# Kindle Fire - Didn't Work Out



## JoeDiver (Dec 4, 2011)

Well, I haven't been here in a while...but I thought I'd drop by and share....

Today I sold my KF to a friend and fellow sailor in Florida. Just didn't work out for me. Can't say I didn't give it a fair shake as I used it almost daily for 6 months.

Now, this is just my personal opinion and experience...I'm sure others are different and usage patterns will vary....just for me, it didn't measure up. Here's why:

1. Too heavy - I read daily at bed time. It's not unusual for me to read for 2+ hours. The KF has a heft to it...solid device...but my hands would get cramped and my forearm would burn during extended sessions. I would fumble it back and forth alot...with a cover...without a cover...didn't matter.

2. Unused features - I simply only used it for reading books. I rarely ever browsed the web, never listened to music, never watched videos, felt magazines were just not presented well. It did handle PDF's well though. 99% of my use was books.

3. Bleary Eyes - I found that after about an hour of reading, I was much more fatigued then when reading an actual book.

Now, none of this is the KF's fault...it's an excellent device for what it is and can do. The fault lies with me...I bought the wrong device for my actual needs. I failed to identify what I would actually use it for and to buy a product more specific to my needs. For all the things it does, I have other devices I use to do those things: MacBook Pro, iPod, iPhone. And when I lay down to read, I'm done doing those other things for the day.

So, last month I bought a Kindle Touch. While not nearly as capable as the Fire, boy does it meet MY needs so much better! It's super light weight...so comfortable to hold for long periods....and put me in the eInk camp for reading. Yes, much better than backlit devices. eInk is so awesome! I can read for at least 3 hours before starting to get fatigued, although that may be because it's 1:00 am and I should have put the book down and gone to sleep an hour ago...

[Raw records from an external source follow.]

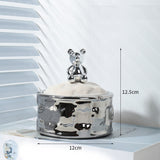 Bear Cookie Shape Relief Ceramic Ashtray Silver Black White Dots 0 - Tophatter Daily Deals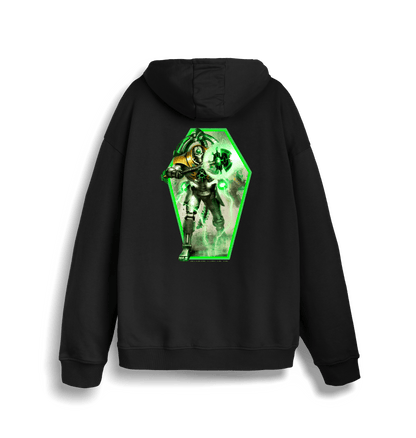 Black Printed Sweater Back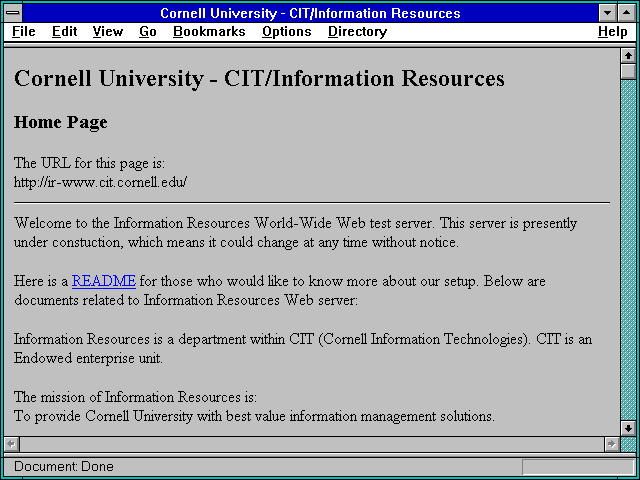 Screenshot of Cornell University - CIT/Information Resources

I've got all my books loaded on my new(ish) Touch....got a nice canvas/leather cover with a sailing theme....little light for it should I need it.....and I'm very happy. I also think my Fire is going to a good home. He's a sailor in Florida who spends alot of time onboard, in/around the marina for wifi, and is excited about using sailing apps, web browsing, book reading, sailing magazines, etc...

So, for me personally the Fire didn't work out...no fault of the Fire...but I have a Touch now I'm very happy with and the Fire is going to a new home.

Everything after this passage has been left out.